Card classification¶

The card classification is performed on each detected card on the image using batching. The classification will tell us what’s the graph identifier (e.g. California Driver License or Belgian Identity Card).

MRZ, the ultimate arbiter of truth¶

The classification will be restricted to what the MRZ returned. Let’s say the MRZ result is “IDFRA…”, that means we already know that the document is a french identity card. France has 2 type of identity cards and only these two will be considered. This is a good strategy to improve the accuracy but the MRZ isn’t required to correctly classify the document.

Pipeline¶

The classification pipeline is complex but runs very fast. All modules are deep learning models rather than heuristic functions. The modules are GPGPU-accelerated using CUDA and CPU optimized using OpenVINO.

Spatial Transformer Network (STN)¶

The role of the STN module is to rectify/de-skew/de-rotate the image.

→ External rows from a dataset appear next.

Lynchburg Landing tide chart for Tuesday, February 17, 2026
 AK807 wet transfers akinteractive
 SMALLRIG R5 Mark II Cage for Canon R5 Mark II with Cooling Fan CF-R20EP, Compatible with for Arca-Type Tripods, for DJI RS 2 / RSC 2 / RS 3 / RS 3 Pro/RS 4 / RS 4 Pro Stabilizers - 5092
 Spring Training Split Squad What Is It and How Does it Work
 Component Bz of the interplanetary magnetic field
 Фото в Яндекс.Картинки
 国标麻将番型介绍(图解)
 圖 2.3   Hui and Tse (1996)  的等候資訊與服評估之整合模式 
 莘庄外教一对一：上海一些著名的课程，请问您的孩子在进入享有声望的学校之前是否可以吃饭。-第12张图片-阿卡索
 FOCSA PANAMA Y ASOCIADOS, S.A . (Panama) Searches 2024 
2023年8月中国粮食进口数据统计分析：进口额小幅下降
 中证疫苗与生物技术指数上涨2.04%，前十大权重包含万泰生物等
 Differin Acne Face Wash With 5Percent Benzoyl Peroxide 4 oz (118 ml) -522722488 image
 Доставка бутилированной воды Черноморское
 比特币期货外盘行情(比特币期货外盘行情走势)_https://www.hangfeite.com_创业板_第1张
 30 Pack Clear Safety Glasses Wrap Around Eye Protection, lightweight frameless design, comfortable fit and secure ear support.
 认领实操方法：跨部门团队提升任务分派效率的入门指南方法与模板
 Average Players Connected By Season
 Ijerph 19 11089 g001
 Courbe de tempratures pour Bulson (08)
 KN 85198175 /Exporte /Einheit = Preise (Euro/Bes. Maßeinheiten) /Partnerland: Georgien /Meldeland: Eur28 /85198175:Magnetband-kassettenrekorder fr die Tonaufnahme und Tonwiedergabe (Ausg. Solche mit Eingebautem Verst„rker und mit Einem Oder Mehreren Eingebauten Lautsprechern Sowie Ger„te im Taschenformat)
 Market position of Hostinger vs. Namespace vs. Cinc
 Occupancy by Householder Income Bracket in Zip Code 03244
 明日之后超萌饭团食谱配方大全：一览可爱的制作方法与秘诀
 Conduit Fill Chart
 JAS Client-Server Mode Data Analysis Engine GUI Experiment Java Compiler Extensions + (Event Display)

More information about STN at https://arxiv.org/abs/1506.02025

Attention Guided Network (AGN)¶

The AGN module is part of the STN and its role is to restrict the processing on the hot zone and ignore everything else.

Embeddings generator¶

Every graph in the dataset is represented as a vector of 64 floating point vector named “embeddings”. The embeddings are computed on the output of the STN module.

Cosine similarity¶

The embeddings are compared using dot product to produce cosine similarity values. These values are within [-1,1]. The graph with the higher similarity score will be taken as the classification result.